Exercise prompt: Repeat exactly the lines of the entries below from the one with "Louis Vuitton Calfskin" through the one with "Good Product Chanel", both ends included, and nothing else.

Data to use:
★ ★ ★ ★ ★

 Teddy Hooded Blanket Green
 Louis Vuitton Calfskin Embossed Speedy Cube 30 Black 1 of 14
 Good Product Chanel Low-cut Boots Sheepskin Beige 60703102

★ ★ ★ ★ ★

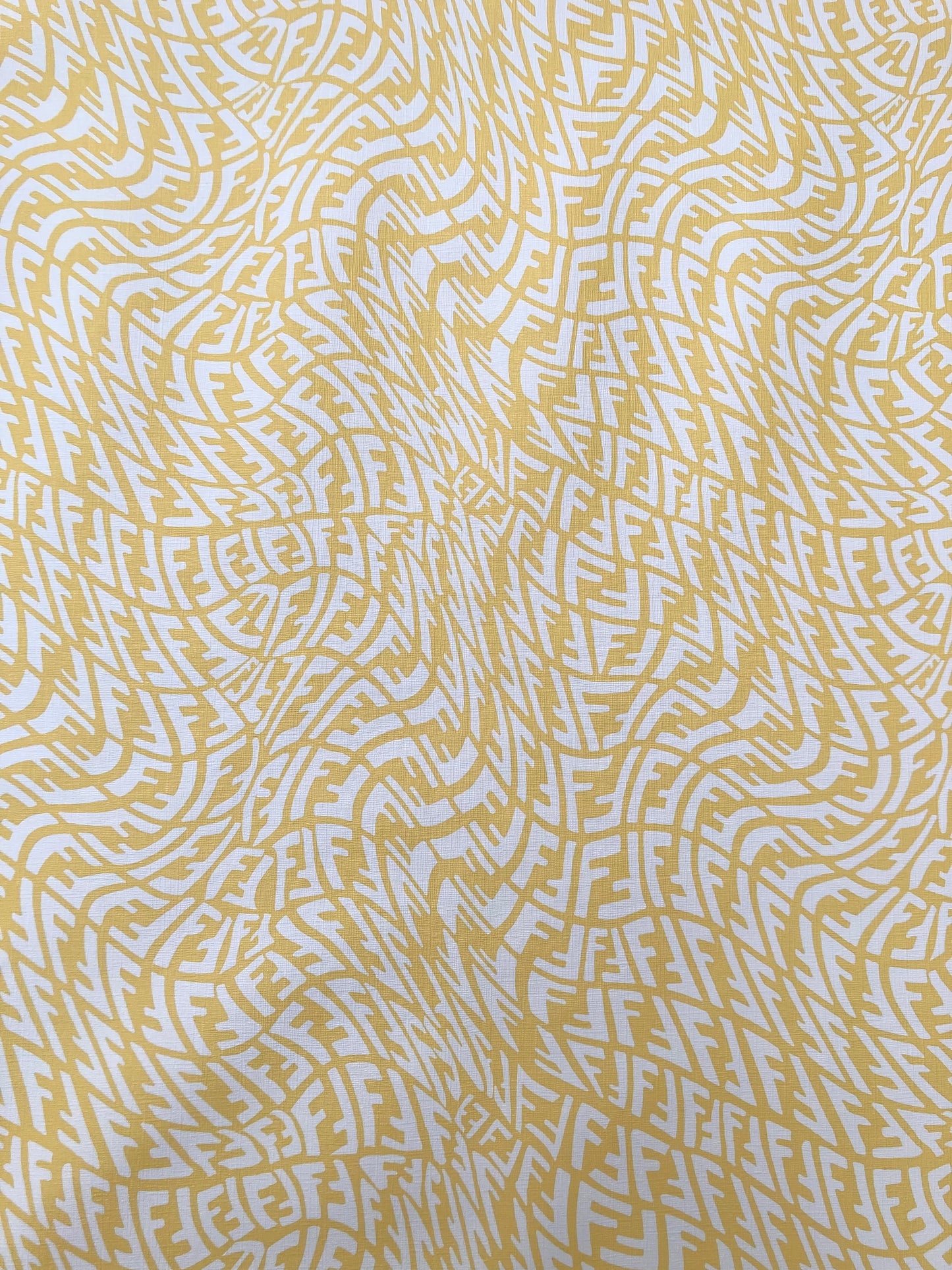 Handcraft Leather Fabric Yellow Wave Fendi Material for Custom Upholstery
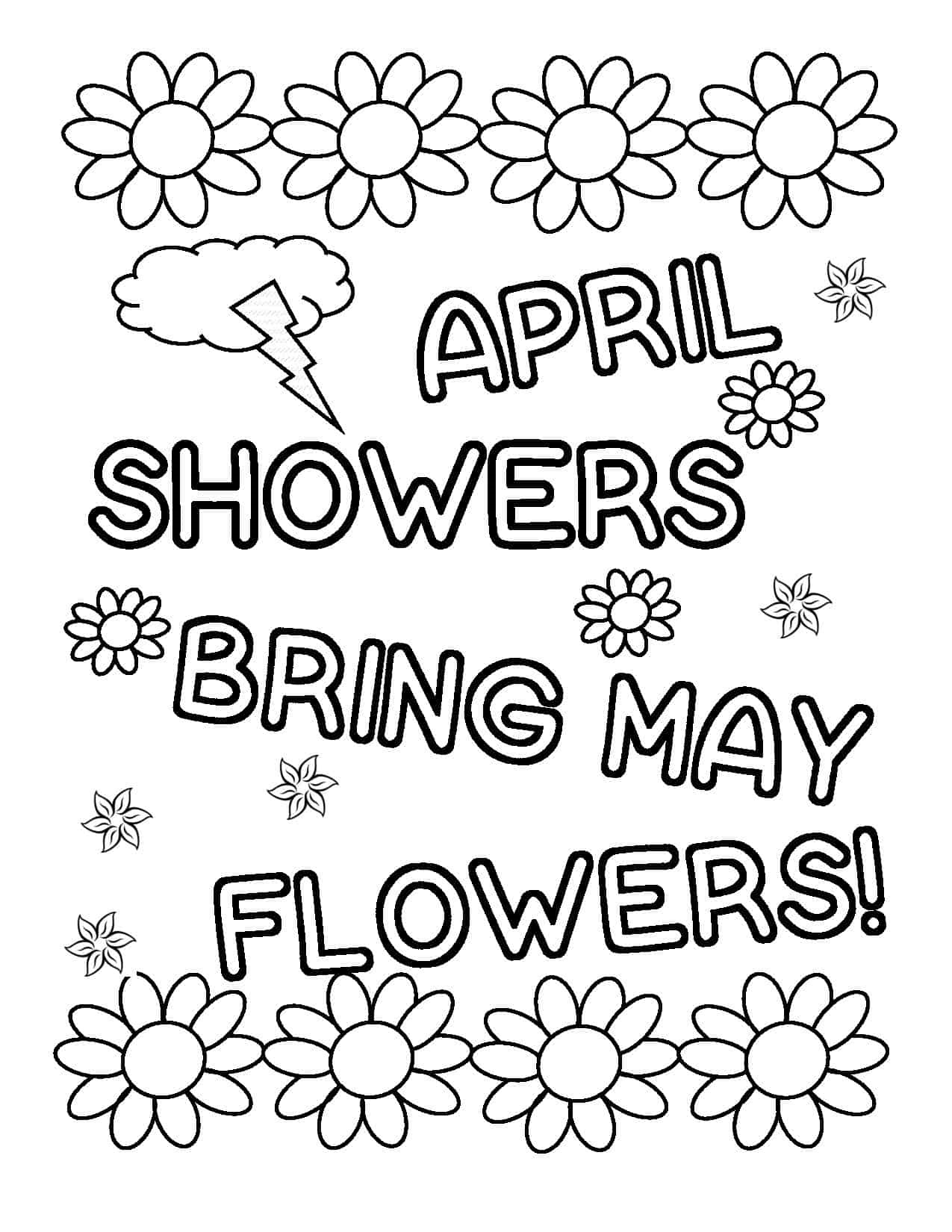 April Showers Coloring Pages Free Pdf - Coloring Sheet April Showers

★ ★ ★ ★ ★

Result for this exercise:
 Louis Vuitton Calfskin Embossed Speedy Cube 30 Black 1 of 14
 Good Product Chanel Low-cut Boots Sheepskin Beige 60703102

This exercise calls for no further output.